During our lifetimes, we’ll inevitably encounter physical or psychological bullying.
Bosses bully staff.
Big fellahs bully small fellahs.
Ambitious workmates (male and female) bully people they see as rivals for promotion.
Politicians and other people in high office bully us through baffling legislation, laws, rules and punitive taxes.
So what can we do about it?
Well, most people do nothing – for one simple reason; the fear of reprisals.
Those reprisals can take many forms – whether it’s from the swaggering, fat-bellied, loudmouthed individual in a vest who shows off his tattoos or from a large organisation that tries to blind us with ‘legalese’ and jargon in order to steamroller us into submission.
It’s happened to all of us – and here’s the proof.
Everyone used to get their dustbins emptied once a week, a service we paid for out of our council tax.
Then we were asked to recycle various items like bottles, cans, newspapers etc and given boxes of various colours in which to place them for collection. Fair enough.
But once we started doing that regularly (some might say we were doing the council’s job), without any consultation, we were told our weekly collections of rubbish were suddenly changing to fortnightly.
It wasn’t up for debate. The council spoke and we had to obey them.

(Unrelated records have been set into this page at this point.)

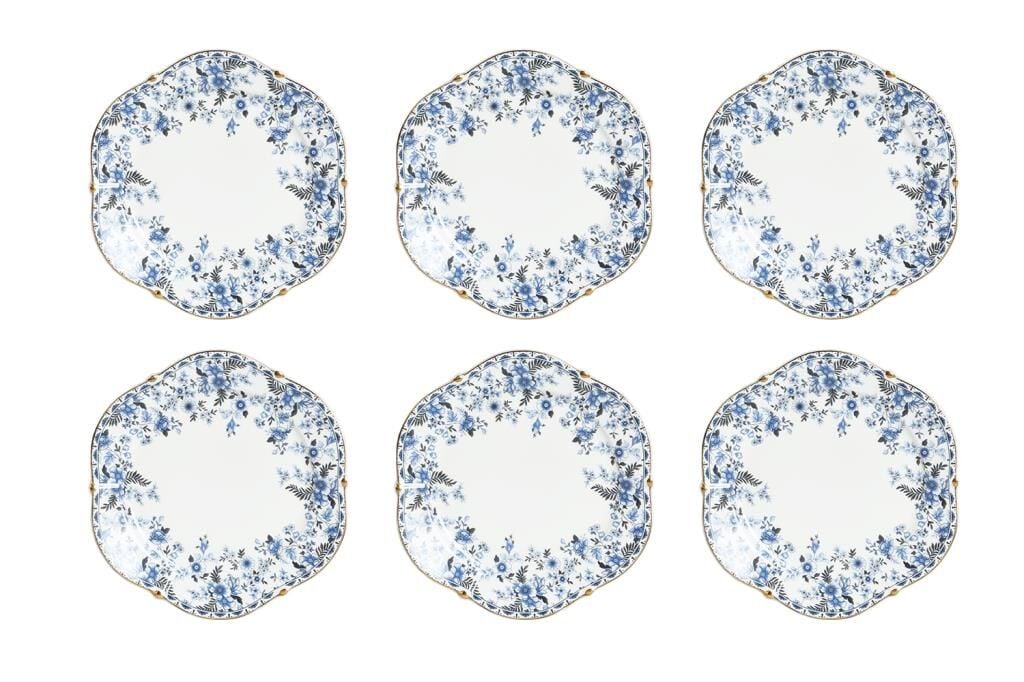 Lucky Art Clarice New Bone China Porselen Mavi Küçük Çiçek Desenli 6 lı Tabak Seti 27 cm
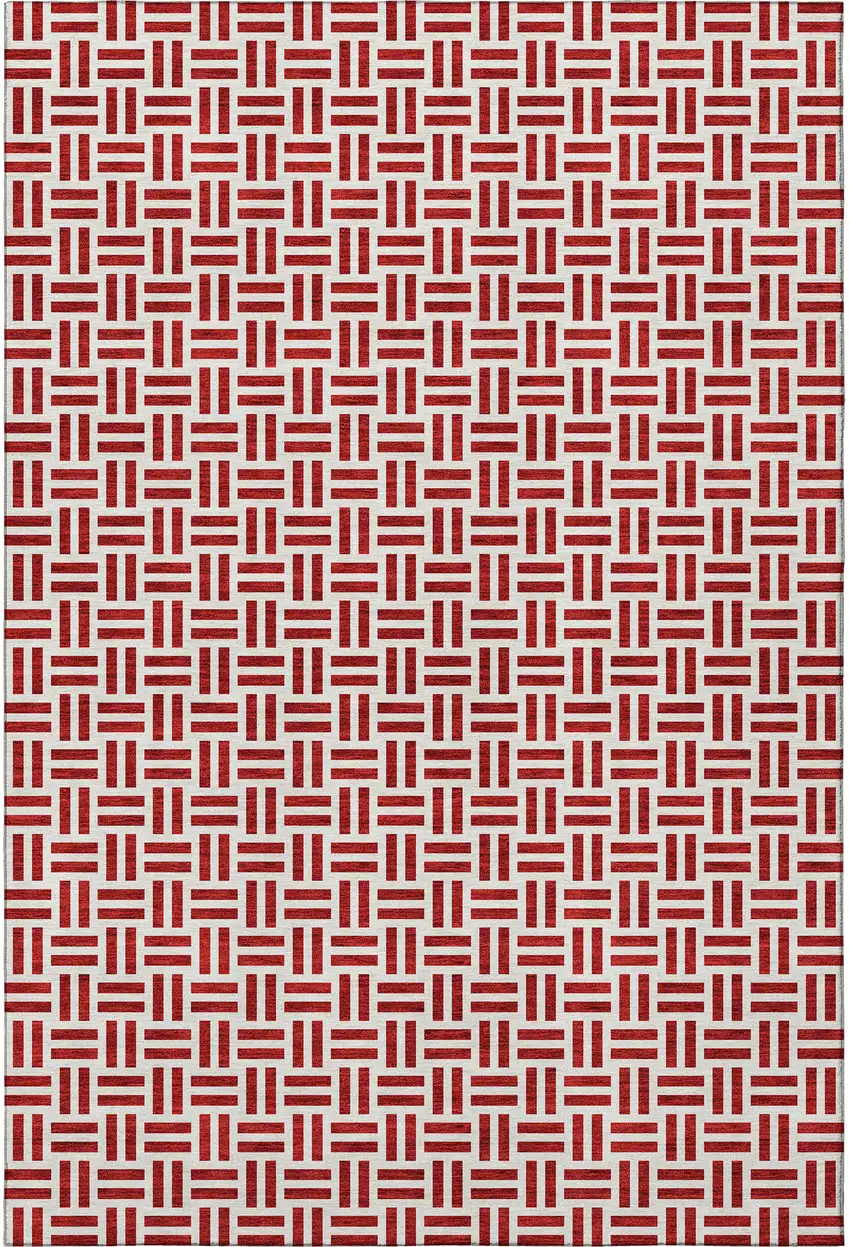 Red And Ivory Geometric Washable Area Rug With UV Protection Photo 2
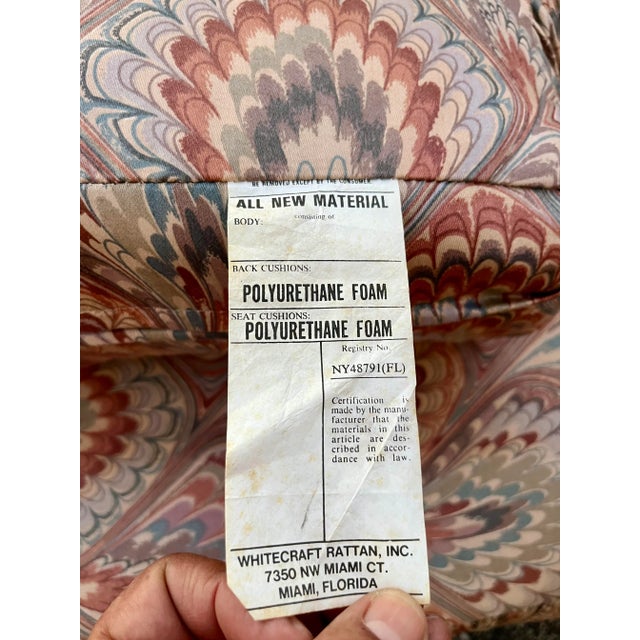 Coastal Style Rattan Lounge Chair and Ottoman Set by Whitecraft Rattan Inc. Circa 1970s For Sale - Image 12 of 12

And, idiots that we are, we meekly submitted to accepting that our rubbish collections would be reduced by 50%, even though we wouldn’t get a similar reduction in our council tax – in fact, it increases every year!
What do we do about it? Absolutely nothing! We prefer to remain the silent victims of bullying by the faceless men and women in the Town Hall.

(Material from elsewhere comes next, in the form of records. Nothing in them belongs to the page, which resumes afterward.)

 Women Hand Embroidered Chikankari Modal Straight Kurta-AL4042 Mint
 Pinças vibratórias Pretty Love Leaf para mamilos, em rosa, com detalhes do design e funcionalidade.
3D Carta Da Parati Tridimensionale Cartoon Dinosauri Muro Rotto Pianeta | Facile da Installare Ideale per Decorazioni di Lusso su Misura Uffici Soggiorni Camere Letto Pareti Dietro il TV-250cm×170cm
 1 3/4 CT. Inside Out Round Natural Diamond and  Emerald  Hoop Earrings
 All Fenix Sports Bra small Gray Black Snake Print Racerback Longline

I won’t generalise about schools today, although we’ve all read desperately sad stories in the newspapers about children who have been bullied so relentlessly by their wicked classmates they saw suicide as the only escape.
When I was in school, if you happened to be slight of build or wore glasses or looked ‘different’, you would get picked on. I wasn’t what you’d call an Arnold Schwarzenegger clone – although to be fair, whenever we broke up for the holidays, I’d always say to my teachers “I’ll be back!” – a remark which made me a sort of ‘End-of Term-inator’.

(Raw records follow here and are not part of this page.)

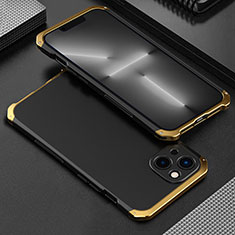 Luxury Aluminum Metal Cover Case 360 Degrees for Apple iPhone 13 Gold and Black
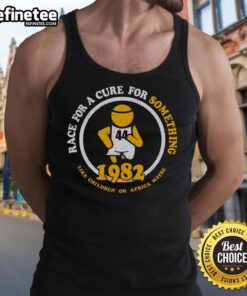 1982 Premium Race For A Cure tank top featuring vibrant colors, promoting awareness for children's health in Africa.
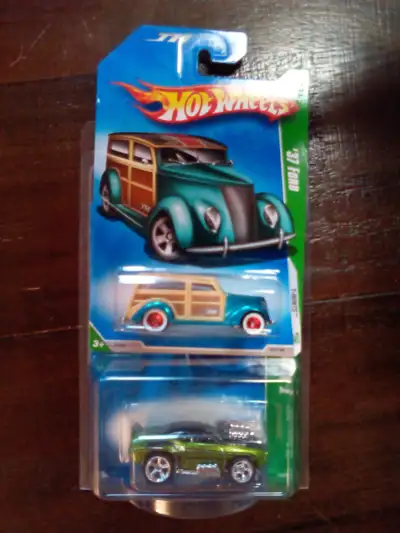 HotWheels Super Treasure Hunts. '37 Ford $60. 69 tooned Camaro Z28 in protecto Pac $80. All mint on...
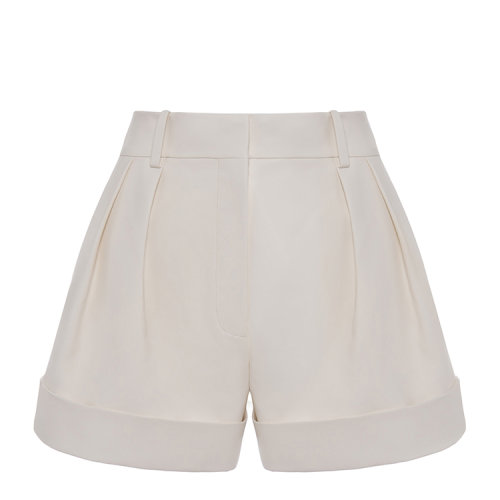 Valentino/华伦天奴 奶白色 女士秀款皮质高腰短裤【RUNWAY SS20】 TB0NH01P1AWA03 2020年春夏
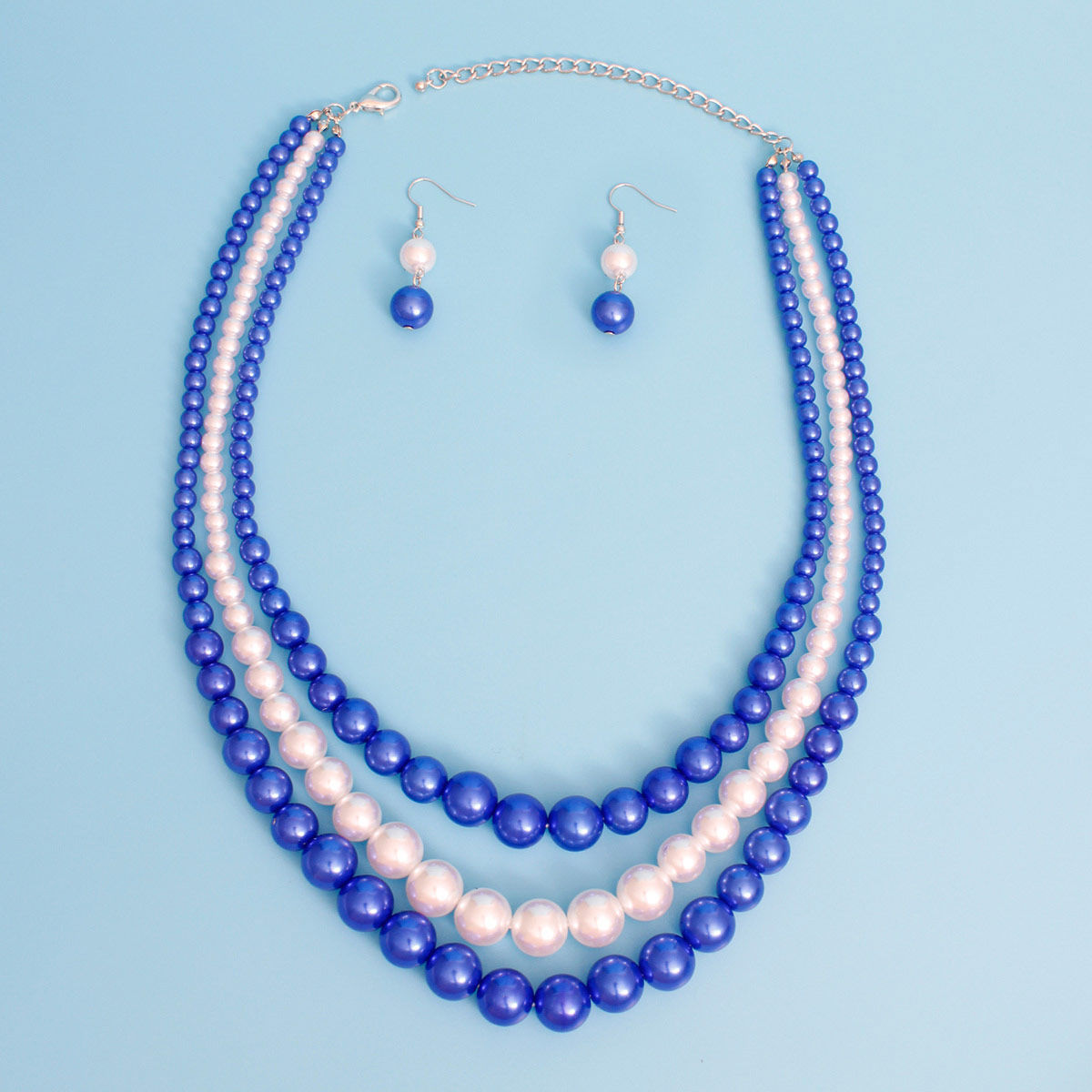 Pearl Necklace Blue White 3 Strand for Women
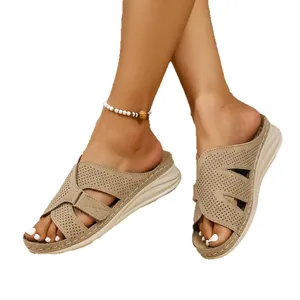 Comfortable summer women's wedge sandals featuring breathable laser-cut holes and thick soles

Looking back, I must have been a right nutter, because I had no fear of bullies and would stand up for myself and the weaker kids.
I got into scrapes. So many, in fact, that when I’m asked what qualifications I left school with, my answer is “Just the one; a Black Belt” (to hold my trousers up, of course)!
In the business of show in which I make what is laughingly called a living, you meet bullies.
On stage or off, a comedian is always working; running through routines and mulling over whether a new piece might possibly alienate part of the audience at the next gig.
I think this awareness of other people’s sensitivities prevents us from becoming bullies ourselves and helps us suss out those in powerful positions who, purely for their own amusement, love to intimidate or humiliate others.
Since the days of the court jester, it’s been the job of the comedian to prick the balloon of pomposity and, should it be warranted, put the great and the good who lord it over us a little bit too smugly, in their place.
If, through my comedy I can have a sharply-pointed dig at overbearing bullies (without coming across as one myself) and make them think they should rein-in their unacceptable behaviour and start treating people with more respect, I’m continuing the work I did back when I was a lad, standing-up to the school bullies.